Ein Beschluss des Oberlandesgerichts Düsseldorf stärkt die Zuständigkeit der Arbeitsgerichte bei Streitigkeiten, die im Zusammenhang mit Bewertungen ehemaliger Arbeitnehmer auf Internetplattformen stehen. Die Entscheidung hat erhebliche Bedeutung für Arbeitgeber und Arbeitnehmer gleichermaßen, die im Zeitalter digitaler Kommunikation vermehrt mit öffentlich zugänglichen Meinungsäußerungen konfrontiert sind.
Hintergrund des Falls
Der Fall betrifft einen Streit zwischen zwei Brüdern: Der Kläger ist Inhaber eines mittelgroßen Architekturbüros, das seinen Namen trägt.
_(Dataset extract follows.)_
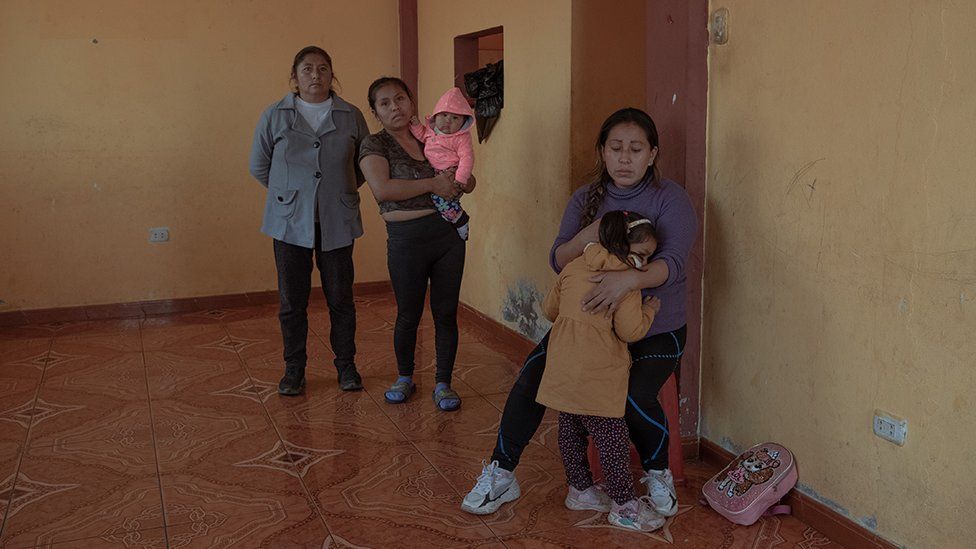 Cinthia Estrada Bolivar (31) and her 3 year old daughter, in their house accompanied by their relatives
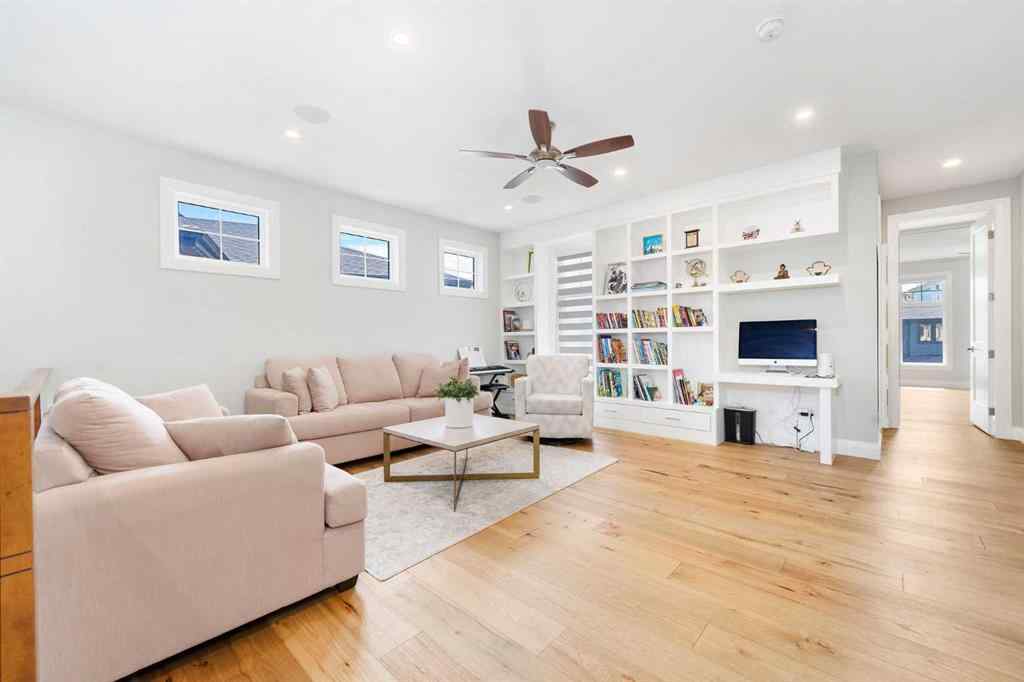 MLS® A2257227 - 128 Hampstead Mews NW in Hamptons Calgary, Residential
Sein Bruder war bis Ende November 2020 als Bauleiter bei ihm angestellt. Nach einer überraschenden Kündigung durch den Kläger veröffentlichte der ehemalige Mitarbeiter unter anderem negative Bewertungen über das Architekturbüro auf verschiedenen Online-Plattformen, darunter ein Arbeitgeberbewertungsportal sowie Google-Rezensionen.
In diesen Bewertungen warfen die Einträge dem Kläger vor, Mitarbeiter respektlos zu behandeln, insbesondere ältere Arbeitnehmer zu entlassen. Weiterhin wurden persönliche Vorwürfe erhoben, die auf familiäre Spannungen anspielten und Details aus dem Arbeitsverhältnis enthielten. Die negativen Rezensionen erschienen in der Google-Suche direkt unter dem Namen des Architekturbüros und waren daher für potenzielle Kunden leicht auffindbar.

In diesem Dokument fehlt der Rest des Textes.